The Cyprus Classic Motorcycle Museum is a museum in Nicosia, the capital of Cyprus, dedicated to the history of motorcycles between 1914 and 1983. The collection consists of more than 400 motorcycles. Companies represented are AJS, MV Agusta, Matchless, Norton, BSA, Triumph, Ariel, BMW, James, Moto Guzzi, Royal Enfield and many more brands. The museum was created in 2000 by Andreas Nicolaou.
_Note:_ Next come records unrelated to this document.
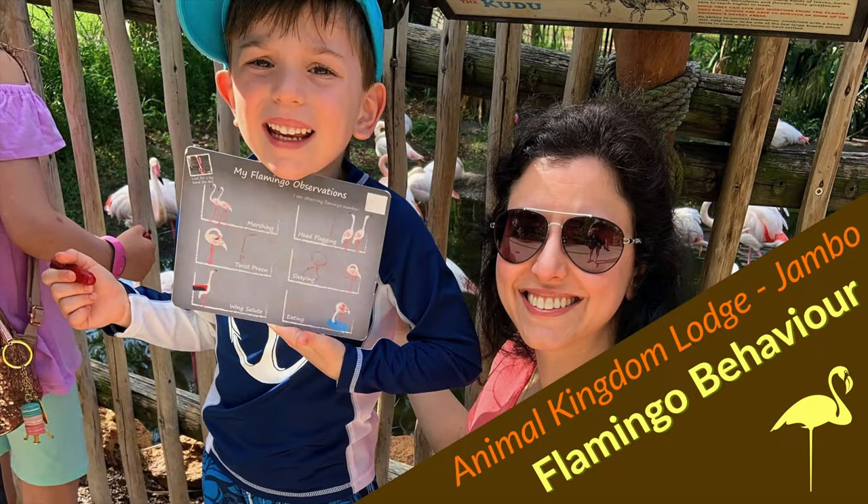Thanks for joining us for another beaded activity at Animal Kingdom Lodge Jumbo House. This is Flamingo Behaviour, where kids become animal behaviour experts.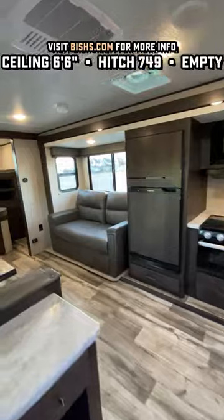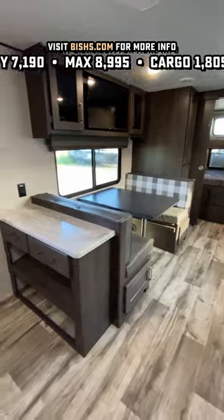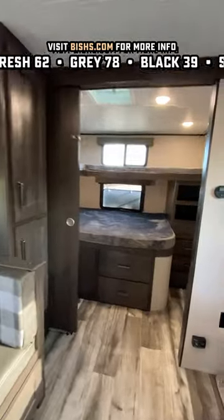Instead of putting all the seating over on the side with the neighbors so that all you get to stare at is your kitchen cabinetry, they put the dinette over on the camp side of the RV to give you an outlook window. And that gives you that smart TV view straight across from the sofa.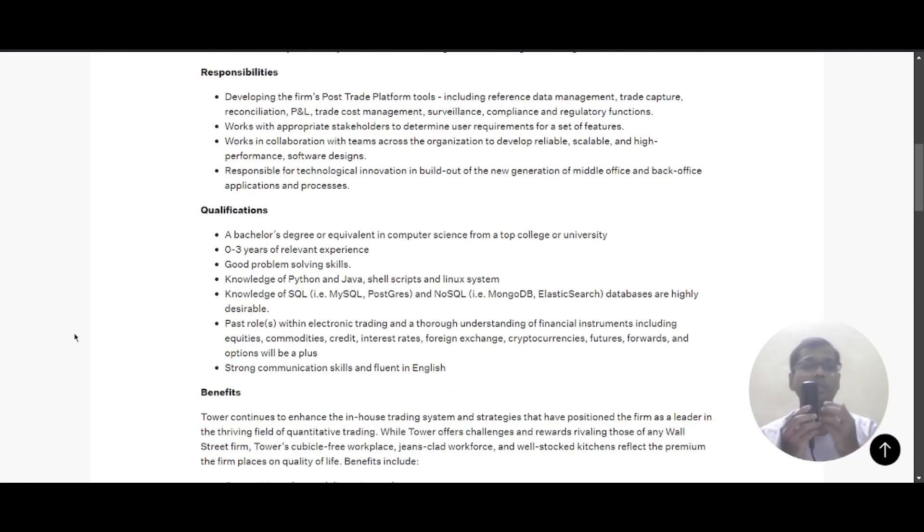You will develop the frameworks of a post-trade platform, including tools like reference data management, trade capture, reconciliation, PnL, trade cost management, surveillance, complaints, and regulatory functions. You will work with the appropriate stakeholders to determine user requirements for a set of features, and collaborate with teams across the organization.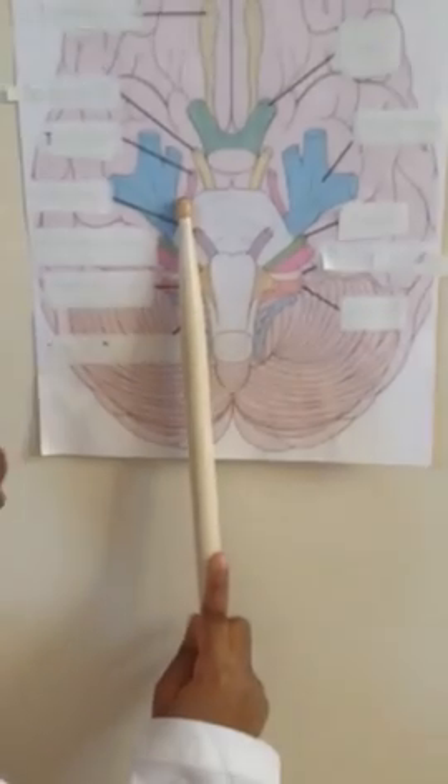This is the trochlear. It allows your eyes to go downward and inward. That's a motor nerve.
It is the biggest motorcycle museum in the Middle East.

==Notable ownership and use of the motorcycles on display==
UK - (BSA, Triumph, Ariel, Norton, Velocette, AJS, Matchless, Panther, Sunbeam, James, New Hudson, Royal Enfield)
United States - (Harley Davidson, Indian)
Japan - (Honda, Yamaha, Suzuki, Kawasaki)
Germany - (BMW, NSU, MZ, Simson)
Spain - (Derbi, Montesa, Bultaco, Gas Gas)
Italy - (MV Agusta, Ducati, Negrini, Moto Morini, Benelli, Lambretta, Vespa)
Russia - (Ural, Muravei, Minsk)

- Three Cyprus Police motorcycles which had been used by the Presidential Guard of Archbishop Makarios.
- The motorcycle of EOKA (Ethniki Organosis Kyprion Agoniston or in English National Organisation of Cypriot Fighters) fighter Stylianos Lenas which was used for carrying weaponry and ammunition.
- The motorcycle of the first champion in Cyprus (1970–1973) namely the Turkish Cypriot Zeki Isa.
- Military motorcycles used by the army during the Second World War.